Paraneoplastic neurologic syndromes such as Lambert-Eaton myasthenic syndrome (LEMS) have been clearly established to be associated with lung carcinoma. LEMS was considered upon development of respiratory failure; however, the patient had negative voltage-gated calcium channel antibodies, which would be inconsistent with the diagnosis. Myasthenia gravis as a paraneoplastic syndrome in primary lung carcinomas has not been clearly described in the literature; as such, it was thought that our patient’s myasthenic crisis arose from the ICI [5]. ICI-related MG is a rare irAE with a reported incidence of less than 1%. ICI-related MG often occurs between 2 and 6 weeks of initiation of checkpoint inhibitors. Thus, given the time course of symptoms, ICI-related MG is the more likely diagnosis. Compared with classical myasthenia gravis, which has a bimodal age distribution and female predominance, MG associated with immune checkpoint inhibitors seems to occur mostly in men, at a relatively older onset [6]. Two pathogenic autoantibodies are present in the majority of MG patients: 85% have anti-acetylcholine receptor autoantibodies (AchR), and 8% have anti-muscle-specific tyrosine kinase (MuSK) autoantibodies [7]. Our patient was found to have anti-AchR antibodies.
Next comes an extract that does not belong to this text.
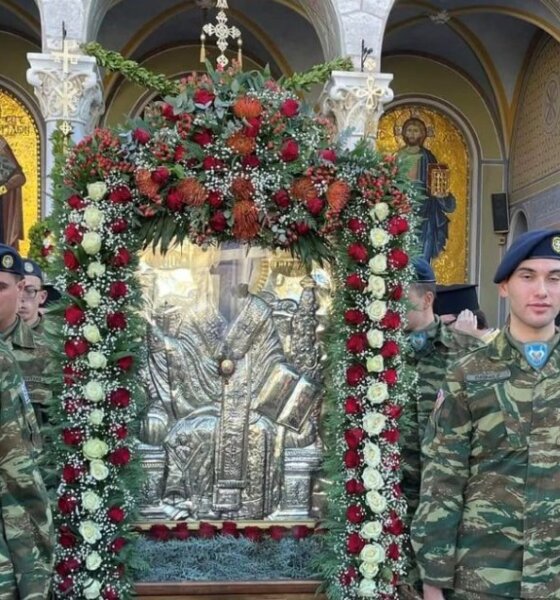 Στο Μεσολόγγι ο Εμποροβιομηχανικός Σύλλογος εξέδωσε ανακοίνωση μέσω της οποίας γίνεται γνωστό πως του Αγίου Σπυρίδωνα είναι τοπική αργία και τα καταστήματα θα παραμείνουν κλειστά.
In a large retrospective study of immunotherapy-induced MG by the anti-PD1 nivolumab, 8 of 12 patients developed severe symptoms including myasthenic crisis [8]. Onset of MG occurred early in their treatment course (within one or two treatments), and patients developed rapid progression, consistent with the clinical course of our patient. Prompt identification of this rare adverse event is imperative as respiratory support either through noninvasive positive pressure ventilation or mechanical ventilation may be necessary, given the potential for acute respiratory failure secondary to progressive MG. In patients with mild symptoms, pyridostigmine can be used, but in patients with severe symptoms and rapid progression, immunosuppression with intravenous methylprednisolone is required [4]. There is some evidence suggesting that intravenous immunoglobulin (IVIG) and plasma exchange as a first-line therapy may have better outcomes compared with steroids alone [9].
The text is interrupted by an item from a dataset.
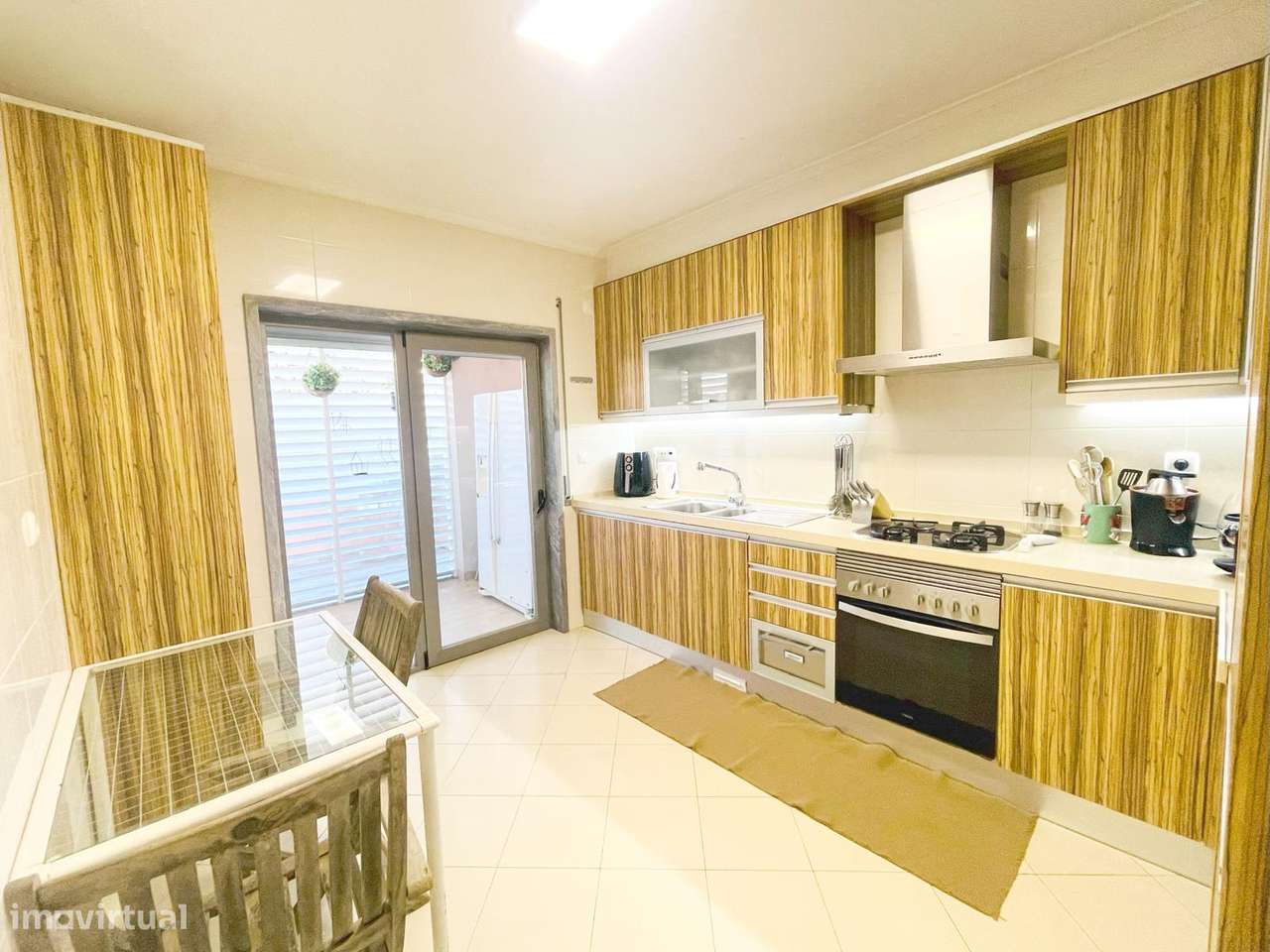 Apartamento T2 em Condomínio com Piscina – Alcabideche, Cascais-13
Finally, myositis can co-occur in patients who develop MG. In most reported cases, CK was significantly elevated, with reported levels ranging from 1200 to 8729 IU/L [10]. While muscle biopsy was not obtained in our patient and in most reported cases, the presence of elevated CK along with transaminases likely reflects muscle damage rather than hepatic injury as our patient had normal bilirubin and INR and unremarkable liver imaging. In an observational, retrospective study of patients with idiopathic MG and inflammatory myopathies, seven of eight patients had antistriational autoantibodies, and three of these patients also developed myocarditis [11]. This suggests there may be autoimmune targets with similar epitopes on heart and skeletal muscles. ICI-induced MG with antistriational antibodies has been associated with rapid progression and more severe outcomes, so early antibody screening may assist in prompt detection and prognostication of severe irAEs [11].
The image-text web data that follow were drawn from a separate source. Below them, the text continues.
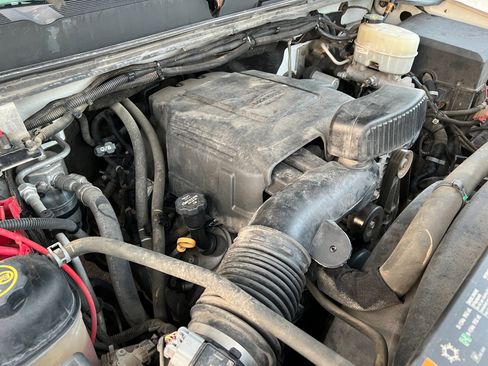 Used 2013 Chevrolet Silverado 3500 W/T w/ Snow Plow Prep Package image 23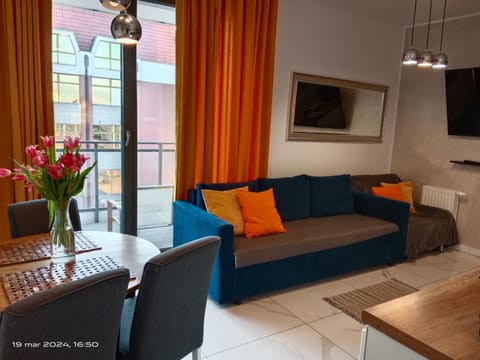 TV and multimedia, Living room, Seating area, Evening entertainment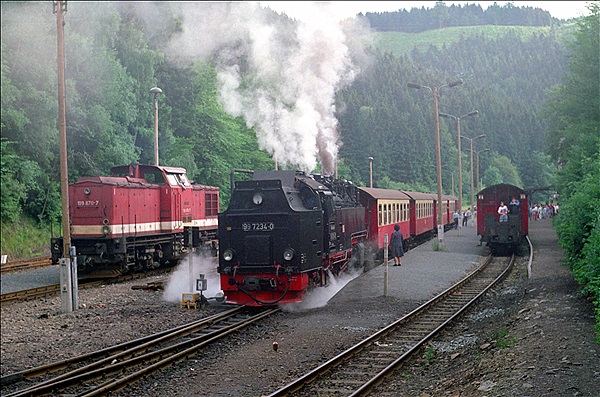 Foto:: DR 199 870-7 + DR 99 7234-0 / Eisfelder Talmuehle / 04.07.1992 (Foto,Fotos,Bilder,Bild,)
The combination of myocarditis, MG, and myositis has been reported with different ICI, including ipilimumab and nivolumab [12]. Myocarditis has been previously reported in patients treated with durvalumab, but this, to our knowledge, is the first reported case of anti-PD-L1-induced combination of myocarditis, myasthenia gravis, and myositis [13]. While ICIs have been touted to have an improved tolerability profile in comparison with chemotherapy, it is critical to be mindful of the wide range of tissues that can be affected by immune-mediated inflammation, with subsequent life-threatening organ failure. irAE are most common in the endocrine, skin, pulmonary, and gastrointestinal systems. However, treating physicians must be vigilant for less common immune diatheses, including neuropathic and myopathic syndromes such as the triad of myasthenia gravis, myocarditis, and myositis suffered by our patient. Here, we reviewed the principals of diagnosis and management of these rare but potentially fatal complications.